Banana chocolate pancakes and crepes suzette
Nutritional Info
Calories per serving
162KCal
Ingredients
- FOR CREPE SUZETTE
- Basic pancake batter, to make 8 small pancakes
- 2 oranges
- 1 tbsp brandy
- Demerara sugar
- FOR BANANA CHOCOLATE PANCAKES
- PER SERVING 133 calories 2g fat
- Serves 6, Prep time 20 mins, Cook time 10 mins.
- 80g plain flour
- 20g cocoa powder
- 1 egg
- 2 tbsps low-fat yogurt
- 1-2 tbsps skimmed milk
- 2 tbsps caster sugar
- 1 banana
- 2 tbsps maple syrup
Cooking Instructions
- FOR CREPE SUZETTE.
- Make the pancakes and keep warm.
- Remove the skin from the oranges and segment into a bowl. Squeeze over the juice. Pour into a pan and heat gently, reducing the juice by half.
- Add the brandy and carefully tip the pan, allowing the brandy to ignite.
- Pour over the pancakes and serve.
- FOR BANANA CHOCOLATE PANCAKES.
- Sieve the flour and cocoa into a mixing bowl. Add the egg and 1 tbsp of yogurt. Mix together, using a whisk, adding sufficient milk to form a thick paste.
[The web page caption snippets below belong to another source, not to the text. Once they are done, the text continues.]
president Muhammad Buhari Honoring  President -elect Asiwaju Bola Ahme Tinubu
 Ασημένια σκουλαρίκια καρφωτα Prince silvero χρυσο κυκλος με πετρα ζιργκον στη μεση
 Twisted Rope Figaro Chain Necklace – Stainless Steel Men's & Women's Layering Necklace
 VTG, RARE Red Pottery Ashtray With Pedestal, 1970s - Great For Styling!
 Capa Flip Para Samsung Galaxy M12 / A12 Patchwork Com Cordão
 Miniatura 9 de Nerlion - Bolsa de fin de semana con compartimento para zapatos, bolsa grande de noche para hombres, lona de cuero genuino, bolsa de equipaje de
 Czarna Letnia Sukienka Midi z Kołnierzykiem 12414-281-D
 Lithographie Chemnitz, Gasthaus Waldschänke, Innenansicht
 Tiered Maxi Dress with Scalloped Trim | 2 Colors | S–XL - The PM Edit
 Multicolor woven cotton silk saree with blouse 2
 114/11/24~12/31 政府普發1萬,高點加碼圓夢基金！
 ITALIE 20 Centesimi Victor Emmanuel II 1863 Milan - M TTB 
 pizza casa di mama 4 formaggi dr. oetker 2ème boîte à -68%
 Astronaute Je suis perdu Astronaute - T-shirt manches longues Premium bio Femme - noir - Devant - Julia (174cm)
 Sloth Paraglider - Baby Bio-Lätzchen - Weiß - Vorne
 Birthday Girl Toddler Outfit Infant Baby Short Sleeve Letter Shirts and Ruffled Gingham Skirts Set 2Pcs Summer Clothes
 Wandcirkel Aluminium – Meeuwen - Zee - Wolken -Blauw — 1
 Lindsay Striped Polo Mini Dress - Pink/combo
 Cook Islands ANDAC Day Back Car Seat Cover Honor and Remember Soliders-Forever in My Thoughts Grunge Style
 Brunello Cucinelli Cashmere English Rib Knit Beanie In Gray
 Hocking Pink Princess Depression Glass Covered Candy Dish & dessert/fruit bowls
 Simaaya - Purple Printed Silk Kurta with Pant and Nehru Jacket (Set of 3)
- Heat a non-stick frying pan and spray lightly with oil spray. Using a tablespoon, drop the mixture into the pan.
- Cook for 1 minute on each side. Remove from the pan, sprinkle with caster sugar and keep warm.
- Place the maple syrup in a small saucepan and heat to a rolling boil. Remove from the heat and allow to cool slightly before adding the sliced banana and remaining yogurt.
- Top the pancakes with the mixture and serve hot.